How does this deeper power manifest itself? Why is it so much more important than pizzazz and honeymoons? It seems that every week scientists discover new aspects of the way music works within in us - sensors see into the brain in finer and finer detail. Last week I read that the onset of dementia can be slowed, if not halted, with the help of music: in the ailing mind, learning and understanding can be re-activated simply by being exposed to music. Any music therapist or kindergarten teacher could have told you this, but now the neurological processes have been observed. (I would ask: Why did music ever stop being part of a person's life?) Music enables an autistic person to communicate feelings, their inner and ineffable humanity, and so connect and 'belong' with other people - building a spiritual bridge over the lethal void of isolation.
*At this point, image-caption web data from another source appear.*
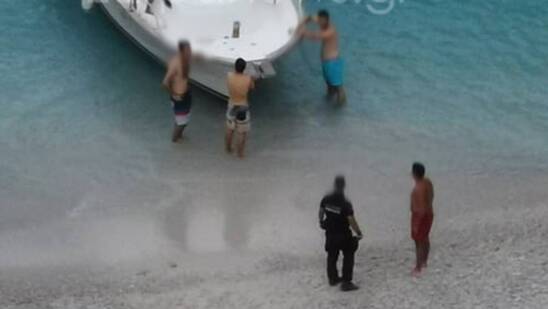 Image: Χανιά: Τουρίστρια έπεσε σε βράχια στα Σεϊτάν Λιμάνια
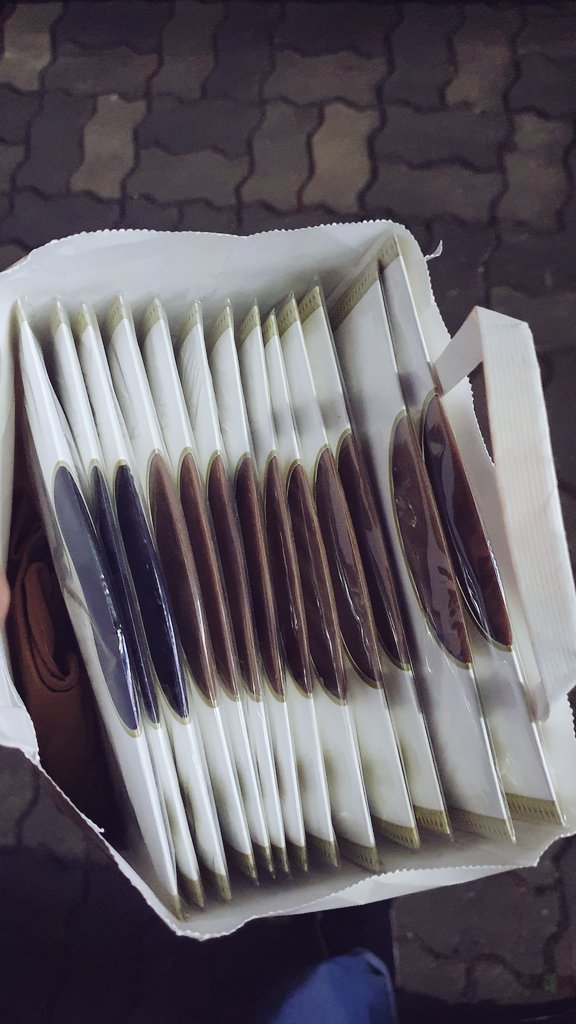 저희집 옷장에는 스타킹이 항상있어요.
일주일에 한두장정도 밤에 사용하고 버리지요.
저는 혹시라도 떨어질까봐 겨울준비하는 곰마냥 모아둔답니다

사용량이 많다보니
당근에 스타킹 키워드를 걸어두고
저렴하게 판매하는분께 사오기도 하구요.

오랜만에 당근을했고
오늘 밤 사용해봐야겠어요😚☺️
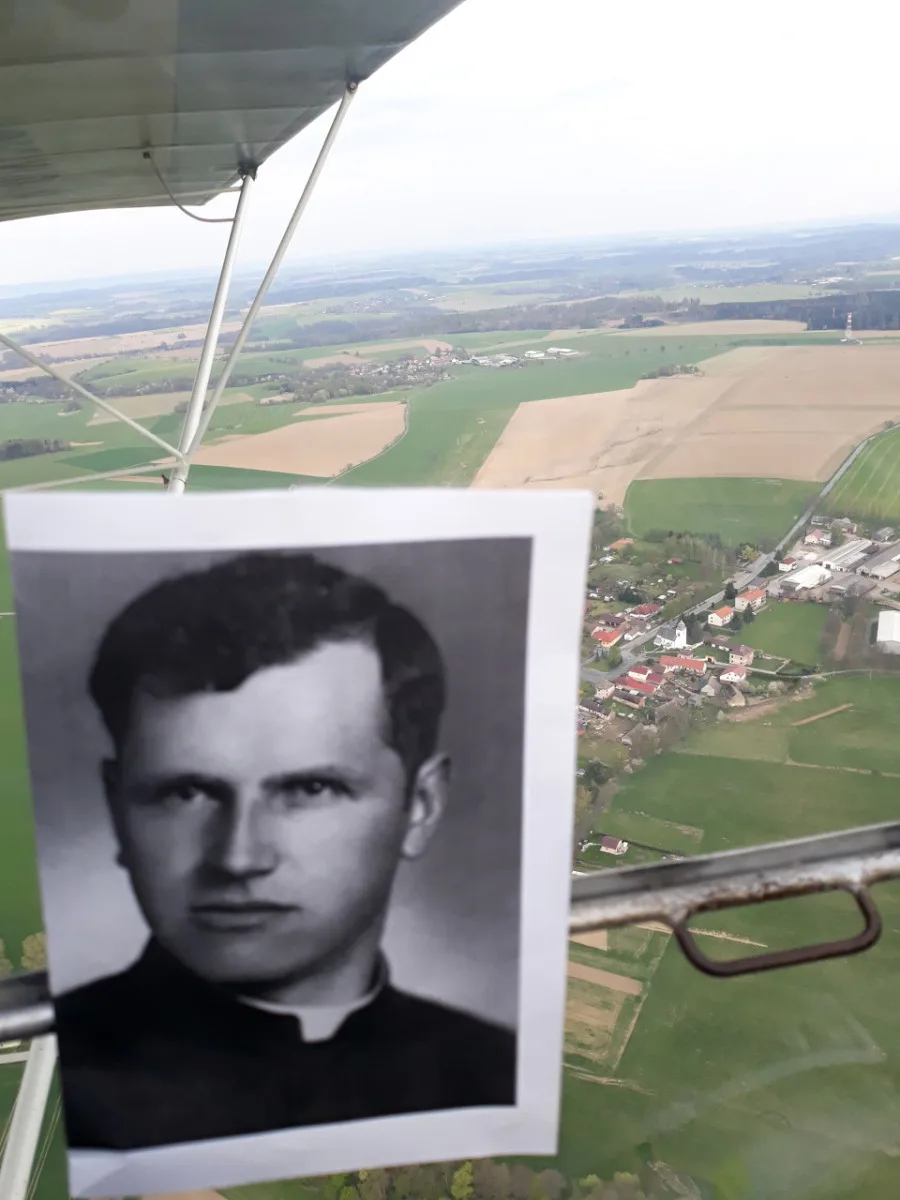 FOTO: Letec Vochyán podnikl pouť po stopách pátera Toufara, umučeného komunisty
Equally so for blind people. But if all that's true, it's true for all of us, not just those of us with specific disabilities, or those of us being rescued from broken communities by El Sistema projects. Label them disabilities, disadvantages, or illnesses - we're all humans on the same continuum. We all originated in communities where music was something that everyone in the group did together - as you can still witness in any 'undeveloped' area of the world. Music was a living 'now' event, not entertainment, and certainly not about subtleties of interpretation. Another aspect of all this: as we became 'civilised' we moved into nice houses - houses that bottle us up, weaken our 'belonging' ligaments, and separate us in ways for which evolution has not prepared us. This isolation breeds fears and anxieties unknown to our musical ancestors. Depression has the second highest morbidity in the developed world, leading to personal and social complications, and mindboggling costs in sick pay and treatment. Music can help. These gestural languages - they might be ineffable, beyond words - but that doesn't mean they're any less universally powerful forces of nature (forces of life and death to Dudamel and El Sistema). Composers and players can't ignore them, let alone change them, just because they don't fit into their intellectual agendas. We can simply tap into them. We can even, "Enjoy the ride!" - as Catherine Bott said, introducing our Rachmaninov second symphony live on Radio 3.